A battery of diagnostic and treatment tools probably will be needed to reduce the morbidity and mortality of this devastating lung disease.

William C. Pruitt, MBA, RRT, CPFT, AE-C


Pulmonary fibrosis is a component of 200 interstitial lung diseases, many of which have no known cause.1 The overall prognosis for patients with pulmonary fibrosis is very dismal, with a 5-year survival rate of 30%, despite aggressive treatment.2 Interstitial lung diseases can be separated into three groups: those with known causes, including occupational and environmental factors (for example, asbestosis, drug toxicity, hypersensitivity reactions, and infection); those caused by systemic disorders such as sarcoidosis or collagen vascular diseases; and those with unknown causes such as idiopathic interstitial pneumonia. Idiopathic pulmonary fibrosis (IPF) makes up a large subset of idiopathic interstitial pneumonia that has been the focus of much research.

The incidence of IPF has been estimated at 10.7 cases per 100,000 for males and 7.4 per 100,000 for females.3 There is evidence1 that IPF is increasing in many Western nations. Of all men having a diagnosis of idiopathic interstitial pneumonia, 46.2% had IPF, while 44.2% of women with idiopathic interstitial pneumonia had IPF.1 Researchers are looking into the many complexities of pulmonary fibrosis, but it is likely that a battery of diagnostic and treatment tools will be needed to reduce the morbidity and mortality of this devastating lung disease.

Symptoms and Diagnosis

Interstitial lung diseases in which fibrosis is present have several common clinical features. These include dyspnea on exertion that gets progressively worse, nonproductive cough, abnormal breath sounds, abnormal chest radiographs, abnormal high-resolution CT (HRCT) scans, a restrictive pattern seen in pulmonary function testing (PFT) results, and decreased diffusing capacity.1 Chest x-ray results in IPF usually show bibasilar peripheral reticular opacities, which are asymmetrical and often associated with decreased lung volumes.5

HRCT scanning is a key diagnostic technology for diffuse interstitial lung disease due to its accuracy in distinguishing between airspace disease and interstitial lung disease and in detecting coexisting disease (such as carcinoma or emphysema). HRCT also helps diagnosticians avoid some typical problems of conventional radiography, which superimposes structures and is exposure dependent.4

IPF is distinguished from other fibrotic interstitial lung diseases using four primary criteria. First, surgical biopsy reveals usual interstitial pneumonia, which shows a specific histological pattern of normal lung tissue alternating with areas of interstitial inflammation, fibrosis, and honeycombing.
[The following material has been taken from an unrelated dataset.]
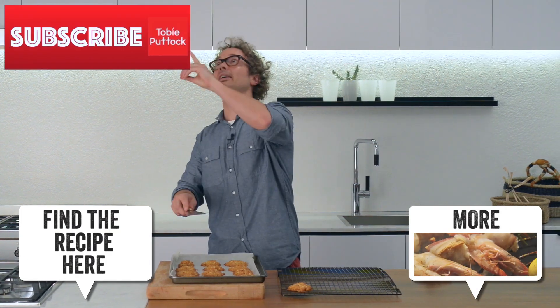Once these are golden, pop them onto a wire rack to allow them to cool. Remember, I am Toby. Subscribe to my channel and have a good day.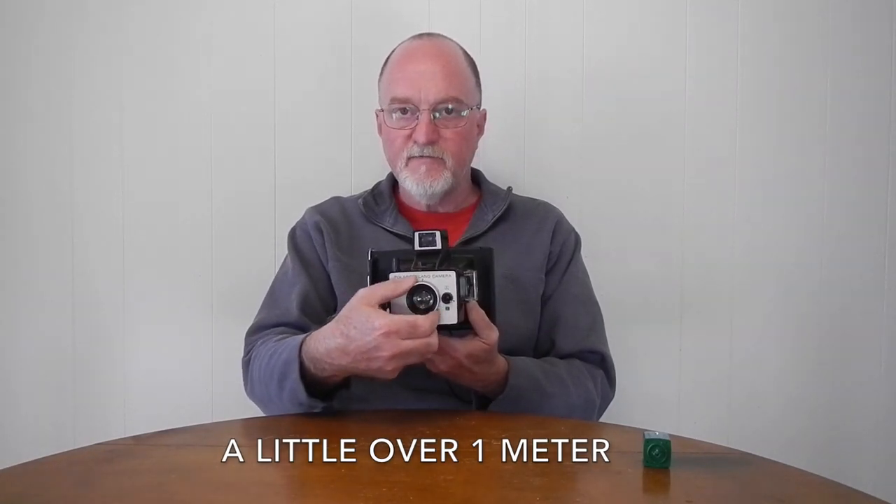Like most of their pack film cameras, it has a 114 millimeter lens. This one's f/9 or f/9.2. It's three elements and it focuses from three and a half feet to infinity.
Second, other causes such as drug toxicity, environmental exposures, or collagen vascular diseases are excluded. Third, abnormal PFT results include reduction in vital capacity, impaired gas exchange (seen as an increased alveolar-arterial difference in PO2), and decreased diffusing capacity of the lung for carbon monoxide (DLCO). If chronic obstructive pulmonary disease is also present, however, lung-volume measurements may appear normal early in the course of disease. Fourth, bibasilar reticular abnormalities with minimal ground glass opacities are seen in HRCT images.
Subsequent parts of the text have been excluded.